2012 started with me wanting to do so many things differently. There was so much stress at the end of 2011 that I literally wanted to start over again. Don't get me wrong, I have a great life with so many wonderful friends, a great husband and 2 fabulously active boys. But, I fell off the bandwagon in May 2010 and it had been a slow decline since then.
Throw in a move and Christmas in the month of December and I vowed to myself that 2012 I would get back to me again. I had these wonderful plans of a whole body cleanse; I toasted to the boys on New Year's that I was going to yell less and be more patient; and for sure I was going to give up Diet Coke.
Let's just say that 13 days into the New Year I had failed miserably at all of those. Not a big deal, I know...life could be much worse. But, I was getting grumpier and grumpier and all I really wanted to do was sit on my couch and watch TV.

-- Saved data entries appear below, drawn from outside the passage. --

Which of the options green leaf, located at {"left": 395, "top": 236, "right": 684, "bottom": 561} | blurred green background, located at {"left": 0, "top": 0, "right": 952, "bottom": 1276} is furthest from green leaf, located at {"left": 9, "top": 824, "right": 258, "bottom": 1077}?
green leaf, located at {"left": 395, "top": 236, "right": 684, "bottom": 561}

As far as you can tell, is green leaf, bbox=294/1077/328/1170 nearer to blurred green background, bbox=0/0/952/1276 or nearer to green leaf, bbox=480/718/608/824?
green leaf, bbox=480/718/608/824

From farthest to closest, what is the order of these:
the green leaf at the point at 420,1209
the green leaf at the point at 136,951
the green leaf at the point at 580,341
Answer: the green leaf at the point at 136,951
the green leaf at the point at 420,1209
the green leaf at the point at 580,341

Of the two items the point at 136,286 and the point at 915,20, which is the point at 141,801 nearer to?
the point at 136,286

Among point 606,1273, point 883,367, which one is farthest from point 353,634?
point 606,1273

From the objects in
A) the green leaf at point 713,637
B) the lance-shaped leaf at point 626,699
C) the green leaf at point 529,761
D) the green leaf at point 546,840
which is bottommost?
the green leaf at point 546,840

So, Sunday I decided that was enough. Pete took the boys swimming and I hit the treadmill. Not hard, but I hit it. I got out of bed on Monday and went back to the Y...this time to hit the bike and the treadmill. And, wonders didn't cease there. I was not called to sub today so I made it to the Y a third day in a row. I told Pete on the way to drop the boys off at school today that I'm already feeling better about myself. I pray that I can keep up the momentum from here on out. It's hard to believe that just 2 years ago I ran a half marathon.
But....we'll start small. I'm going to Zumba tomorrow night for the first time with a friend. Lack of coordination and all, I'm really looking forward to it.
I have 145 days until our beach vacation, and I am promising myself that I will not be ashamed of my bathing suit pictures this year. In fact, I want to be proud of them.
Now, if I can only learn how to give up that Diet Coke!